From the line that contains "2021 Kia Sportage" down to the last line of the data below, restate every line word for word, skipping any images.

----- Record extracts

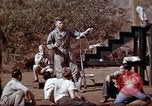Image of Ranger combat training Hawaii USA, 1942, second 8 stock footage video 65675068519
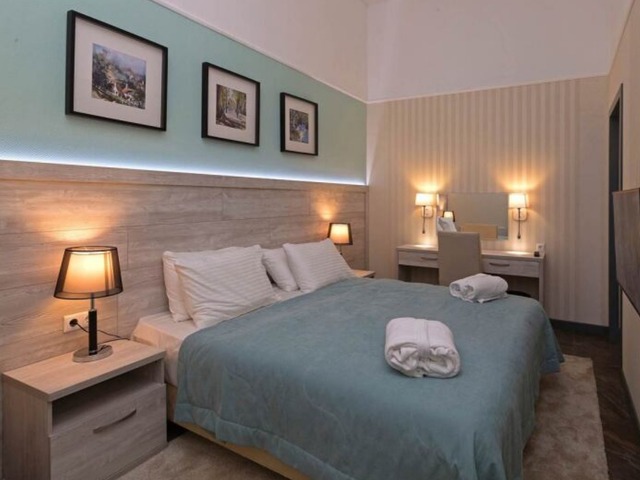 фотографии Royal Cat (Роял Кэт) изображение №4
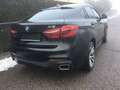 BMW X6 X6 xDrive30d Sport Activity Coupé Österreich-Paket Aut. Österreich-Paket Schwarz - thumbnail 5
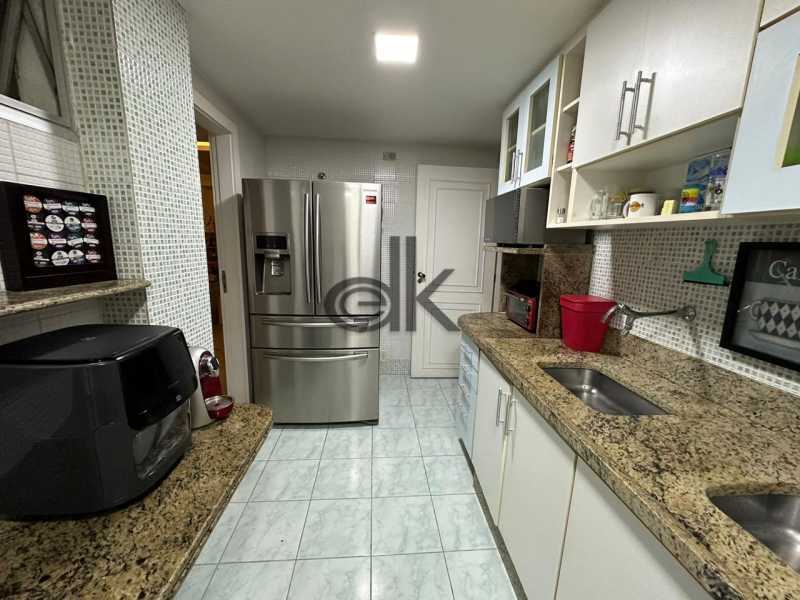 Conheça WhatsApp Image 2024-12-18 at 1 do imóvel - Cobertura 4 quartos para venda e aluguel Jardim Oceanico, Rio de Janeiro - R$ 3.700.000 - 4046 - 22 WhatsApp Image 2024-12-18 at 1 - 22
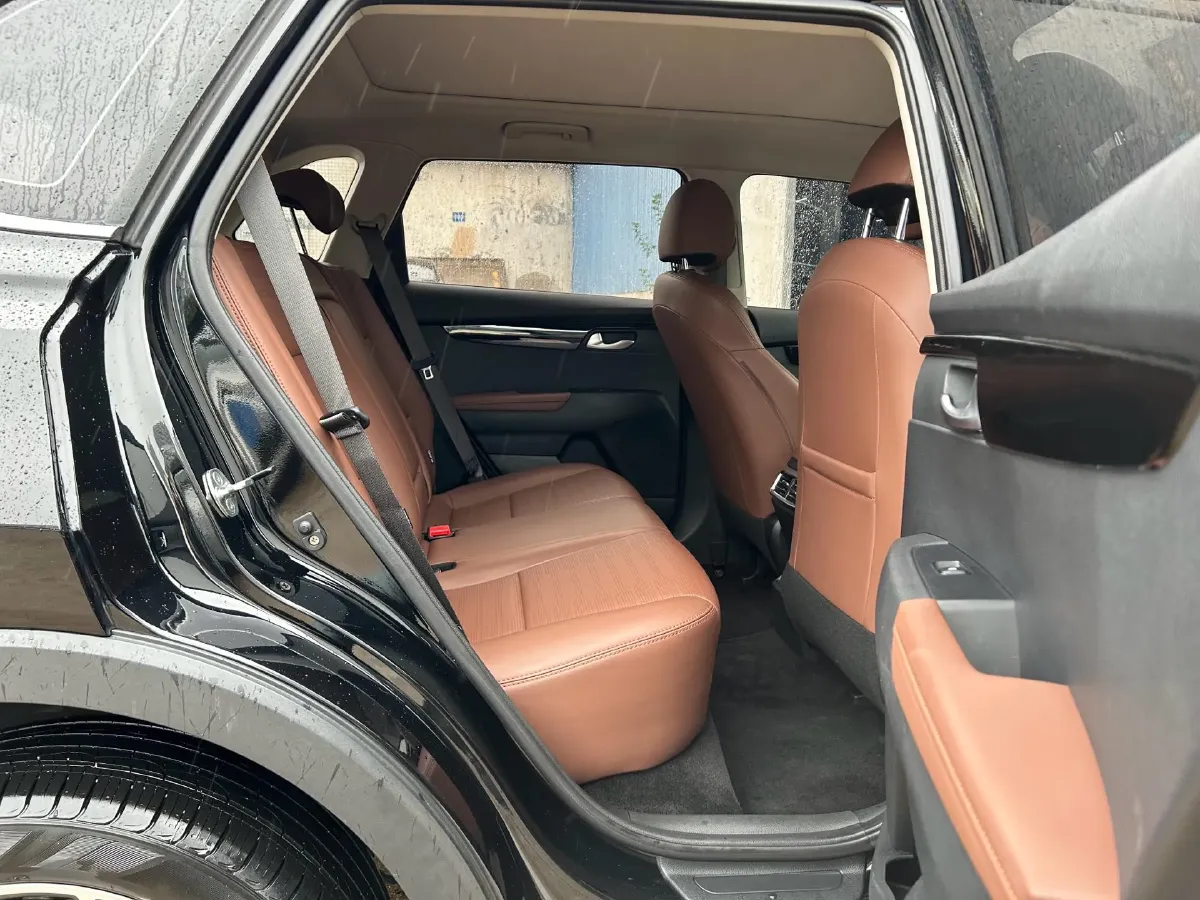 2021 Kia Sportage R 2.0L 161HP L4 6AT,autocango,china used car exporter,china ev exporter,chinese used car exporter,chinese used ev exporter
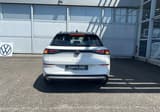A vendre VOLKSWAGEN T-ROC Life 2026 occasion photo 4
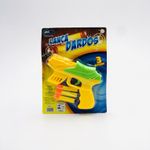 PISTOLA-TOK-KIDS-MT0603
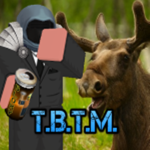 T.B.T.M.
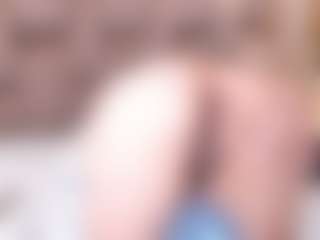 Live cam show with Valery-Cold - Rubia on xxxlivecams.org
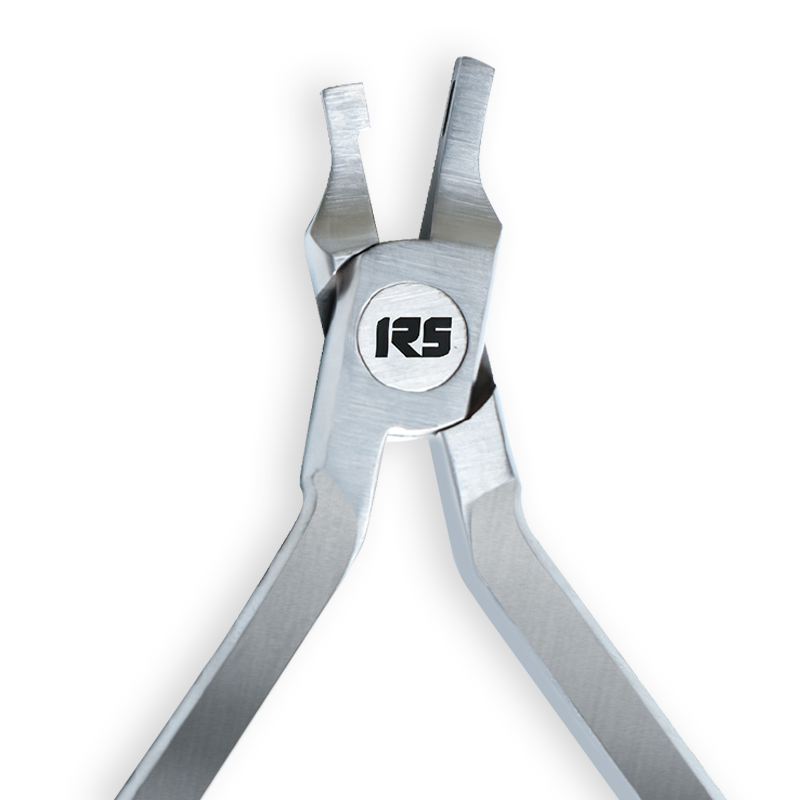 Vertical Pressure Pliers – Zhejiang Risheng Medical Technology Co ., Pliers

----------

Result:
 2021 Kia Sportage R 2.0L 161HP L4 6AT,autocango,china used car exporter,china ev exporter,chinese used car exporter,chinese used ev exporter
A vendre VOLKSWAGEN T-ROC Life 2026 occasion photo 4
 PISTOLA-TOK-KIDS-MT0603
 T.B.T.M.
 Live cam show with Valery-Cold - Rubia on xxxlivecams.org
 Vertical Pressure Pliers – Zhejiang Risheng Medical Technology Co ., Pliers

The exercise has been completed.